Already you have all you want! Already you have become rich! Quite apart from us you have become kings! Indeed, I wish that you had become kings, so that we might be kings with you! For I think that God has exhibited us apostles as last of all, as though sentenced to death, because we have become a spectacle to the world, to angels and to mortals. (1 Cor 4:8-9)

Despite the denial of the resurrection by some in the Corinthian church, it is widely accepted by commentators that a major part of the Corinthian problem was an over-realized eschatology — thinking that the benefits of the world to come could all be experienced in the ‘here and now’. The present application of the cross for these Corinthians was therefore the experience of life rather than death, whereas for the Apostle it was life through death:

We are afflicted in every way, but not crushed; perplexed, but not driven to despair; persecuted, but not forsaken; struck down, but not destroyed; always carrying in the body the death of Jesus, so that the life of Jesus may also be made visible in our bodies. For while we live, we are always being given up to death for Jesus’ sake, so that the life of Jesus may be made visible in our mortal flesh. So death is at work in us, but life in you. (2 Cor 4:8-12)

The evangelical (that is to say, gospel) way is therefore not to assert that ‘because Christ has died, we live’. That is at best a mistake and at worst triumphalism. Rather, we must realize that because Christ has died we must die daily, and through that daily experience of death will come life, for us, and for the world.

Now it seems to me that this Apostolic understanding (which stands in contrast with the Corinthian understanding despite their faith in Christ!) relies on the cross being the transformative feature of our theology. As I argued before, there is nothing revolutionary in the belief that God raises the dead, and thus I must disagree with Tom Wright’s analysis which sees the resurrection as the ‘world-view changing’ element of the gospel message.

The Apostle Paul was a believer in the resurrection before he was a believer in Jesus, and presented this belief as an example of Jewish orthodoxy. Again, we might look to the exchange between Jesus and Martha concerning Lazarus:

Jesus said to her, “Your brother will rise again.” Martha said to him, “I know that he will rise again in the resurrection on the last day.” (Jn 11:23-24)

Of course there are issues here about bringing a future hope into the present in the person of Jesus.
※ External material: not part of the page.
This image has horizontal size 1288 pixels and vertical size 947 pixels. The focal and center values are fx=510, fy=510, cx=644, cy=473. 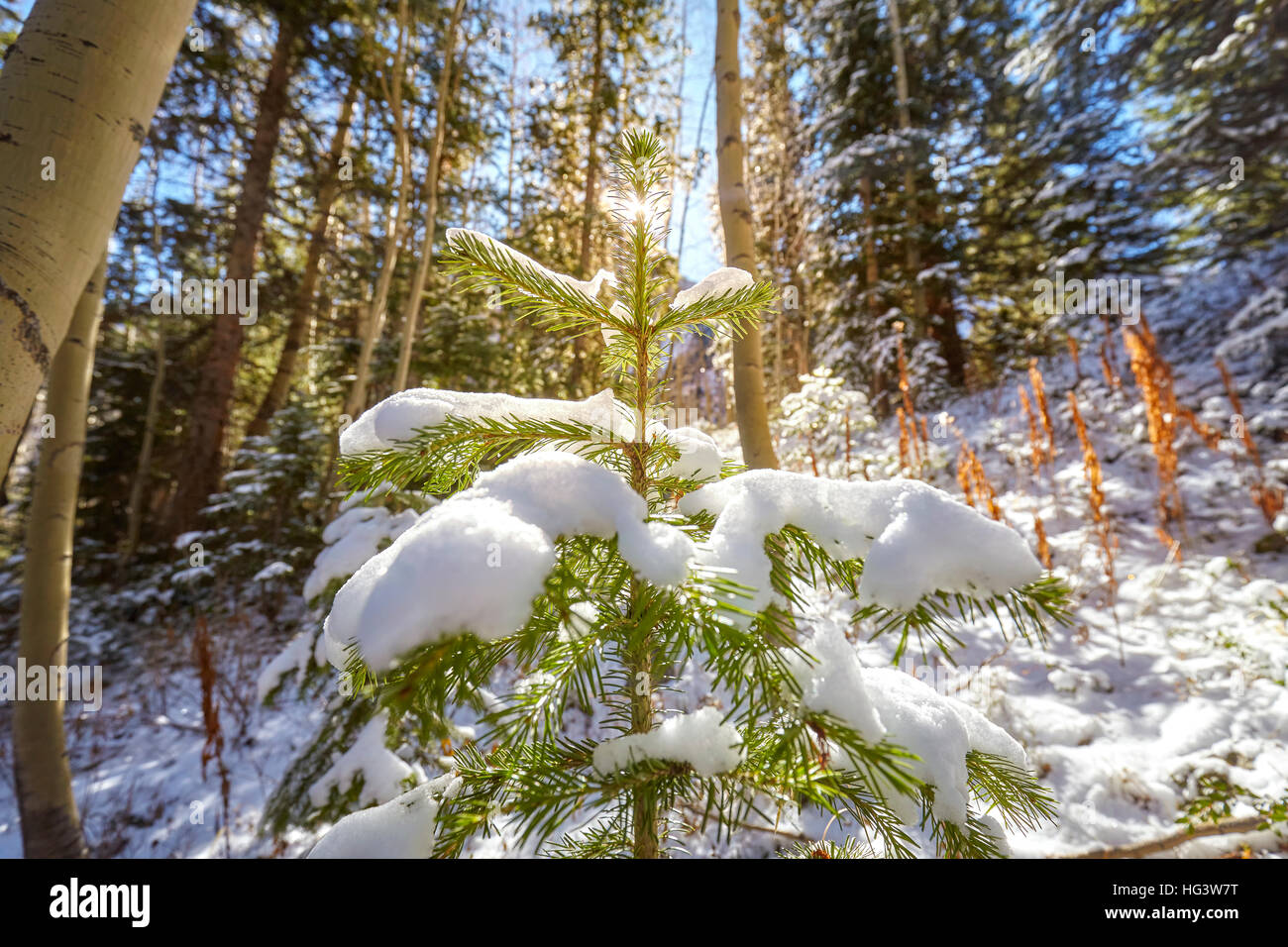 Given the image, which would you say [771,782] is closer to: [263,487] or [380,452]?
[380,452]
To repeat, this is not about choosing between cross and resurrection. But it is clear that Martha already believes (albeit without much present comfort) in the resurrection. The issue for her is that this Jesus is the one who embodies that hope. And of course that understanding will undergo further transformation through the crucifixion.

Indeed, as John presents it, the raising of Lazarus is a trigger for the death of Jesus — a death on which Caiaphas delivers the prophetic verdict, “it is better for you to have one man die for the people than to have the whole nation destroyed” (Jn 11:50). Once again, therefore, it is the cross which is the focal, and transformative, element in the gospel.

Once again, though, I would emphasize the need to see that this transformation is not simply in us being saved, nor merely in knowing that we are saved. It is a transformation which comes from experiencing the cross — from being ‘theologians of the cross’ in Luther’s sense of “dying and being damned” and knowing God most intimately in this (the experience of what Luther called anfechtung).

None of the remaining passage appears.